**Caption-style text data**
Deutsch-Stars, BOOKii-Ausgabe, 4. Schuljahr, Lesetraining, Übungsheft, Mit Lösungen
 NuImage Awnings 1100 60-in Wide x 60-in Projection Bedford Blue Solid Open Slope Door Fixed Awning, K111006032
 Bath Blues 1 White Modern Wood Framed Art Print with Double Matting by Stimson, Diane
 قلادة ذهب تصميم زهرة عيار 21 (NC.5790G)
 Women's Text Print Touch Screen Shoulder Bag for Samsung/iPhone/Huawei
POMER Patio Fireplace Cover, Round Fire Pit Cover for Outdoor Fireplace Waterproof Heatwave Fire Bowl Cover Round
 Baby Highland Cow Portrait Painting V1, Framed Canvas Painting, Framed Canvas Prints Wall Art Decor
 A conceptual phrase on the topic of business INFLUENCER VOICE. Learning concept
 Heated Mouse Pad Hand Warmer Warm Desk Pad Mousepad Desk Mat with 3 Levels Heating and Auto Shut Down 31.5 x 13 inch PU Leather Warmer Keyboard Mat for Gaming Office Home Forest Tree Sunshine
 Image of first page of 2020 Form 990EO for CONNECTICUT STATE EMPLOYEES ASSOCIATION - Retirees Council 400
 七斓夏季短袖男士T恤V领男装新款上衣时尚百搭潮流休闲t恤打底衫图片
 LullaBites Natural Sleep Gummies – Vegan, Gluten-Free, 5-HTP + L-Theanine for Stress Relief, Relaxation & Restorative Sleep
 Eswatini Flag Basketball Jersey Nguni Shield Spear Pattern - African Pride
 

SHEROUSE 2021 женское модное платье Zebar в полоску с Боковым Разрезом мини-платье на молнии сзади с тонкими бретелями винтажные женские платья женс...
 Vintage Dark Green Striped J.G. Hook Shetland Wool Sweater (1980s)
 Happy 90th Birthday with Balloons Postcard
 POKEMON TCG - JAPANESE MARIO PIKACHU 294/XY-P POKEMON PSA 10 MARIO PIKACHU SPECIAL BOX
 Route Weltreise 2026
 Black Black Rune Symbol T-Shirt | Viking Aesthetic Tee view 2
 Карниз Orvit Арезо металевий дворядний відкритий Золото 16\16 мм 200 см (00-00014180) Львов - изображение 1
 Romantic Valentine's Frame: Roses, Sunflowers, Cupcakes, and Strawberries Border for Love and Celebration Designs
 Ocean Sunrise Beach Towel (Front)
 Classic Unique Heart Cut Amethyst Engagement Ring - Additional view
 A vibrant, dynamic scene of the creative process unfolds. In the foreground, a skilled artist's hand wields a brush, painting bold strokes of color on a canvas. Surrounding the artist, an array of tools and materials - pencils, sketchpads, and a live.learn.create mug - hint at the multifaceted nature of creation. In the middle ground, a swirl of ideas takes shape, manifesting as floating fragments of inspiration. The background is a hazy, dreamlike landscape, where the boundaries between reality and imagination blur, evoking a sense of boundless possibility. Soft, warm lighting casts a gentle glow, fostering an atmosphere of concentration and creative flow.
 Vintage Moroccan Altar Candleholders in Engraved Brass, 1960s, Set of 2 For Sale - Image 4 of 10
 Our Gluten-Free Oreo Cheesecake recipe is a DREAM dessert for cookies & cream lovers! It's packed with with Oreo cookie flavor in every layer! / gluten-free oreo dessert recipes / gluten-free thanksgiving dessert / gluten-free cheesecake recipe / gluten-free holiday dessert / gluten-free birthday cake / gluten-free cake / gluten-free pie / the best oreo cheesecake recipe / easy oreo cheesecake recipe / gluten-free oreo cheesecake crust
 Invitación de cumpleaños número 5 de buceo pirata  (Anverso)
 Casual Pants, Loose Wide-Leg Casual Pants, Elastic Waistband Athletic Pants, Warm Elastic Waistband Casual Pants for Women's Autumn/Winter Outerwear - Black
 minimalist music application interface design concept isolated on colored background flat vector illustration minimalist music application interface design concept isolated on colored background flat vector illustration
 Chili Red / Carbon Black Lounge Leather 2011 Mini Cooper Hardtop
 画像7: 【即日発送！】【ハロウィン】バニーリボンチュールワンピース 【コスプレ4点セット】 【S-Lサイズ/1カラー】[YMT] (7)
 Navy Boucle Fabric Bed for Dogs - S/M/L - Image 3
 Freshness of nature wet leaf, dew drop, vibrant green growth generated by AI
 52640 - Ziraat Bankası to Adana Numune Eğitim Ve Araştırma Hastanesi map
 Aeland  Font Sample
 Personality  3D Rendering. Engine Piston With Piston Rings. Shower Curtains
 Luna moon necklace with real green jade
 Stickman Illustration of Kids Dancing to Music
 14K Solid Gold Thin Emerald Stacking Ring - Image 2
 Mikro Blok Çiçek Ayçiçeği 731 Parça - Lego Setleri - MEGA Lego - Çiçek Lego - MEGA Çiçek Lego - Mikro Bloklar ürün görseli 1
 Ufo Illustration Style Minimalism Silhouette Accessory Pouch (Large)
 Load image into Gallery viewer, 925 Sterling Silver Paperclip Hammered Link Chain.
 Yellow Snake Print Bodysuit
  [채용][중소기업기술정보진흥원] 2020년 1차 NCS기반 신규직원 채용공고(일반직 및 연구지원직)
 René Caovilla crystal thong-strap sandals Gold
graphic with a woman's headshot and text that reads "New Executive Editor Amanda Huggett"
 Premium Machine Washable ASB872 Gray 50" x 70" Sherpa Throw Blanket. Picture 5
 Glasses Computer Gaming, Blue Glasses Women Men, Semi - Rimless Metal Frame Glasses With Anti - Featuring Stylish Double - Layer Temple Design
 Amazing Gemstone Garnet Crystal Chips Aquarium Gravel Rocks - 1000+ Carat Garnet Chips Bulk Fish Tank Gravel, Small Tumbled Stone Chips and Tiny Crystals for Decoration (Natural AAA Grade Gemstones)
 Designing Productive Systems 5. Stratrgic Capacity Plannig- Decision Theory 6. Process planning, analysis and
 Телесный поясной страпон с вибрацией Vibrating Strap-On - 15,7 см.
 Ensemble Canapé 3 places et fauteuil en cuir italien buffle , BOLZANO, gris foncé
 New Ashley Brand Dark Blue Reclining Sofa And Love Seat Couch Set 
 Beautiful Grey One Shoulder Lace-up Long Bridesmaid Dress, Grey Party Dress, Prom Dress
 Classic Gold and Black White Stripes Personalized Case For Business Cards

**WHAT NEEDS TO BE DONE**
Which lines hold the word "Solid"? Copy each of them from the records.

**EXERCISE SOLUTION**
 NuImage Awnings 1100 60-in Wide x 60-in Projection Bedford Blue Solid Open Slope Door Fixed Awning, K111006032
 14K Solid Gold Thin Emerald Stacking Ring - Image 2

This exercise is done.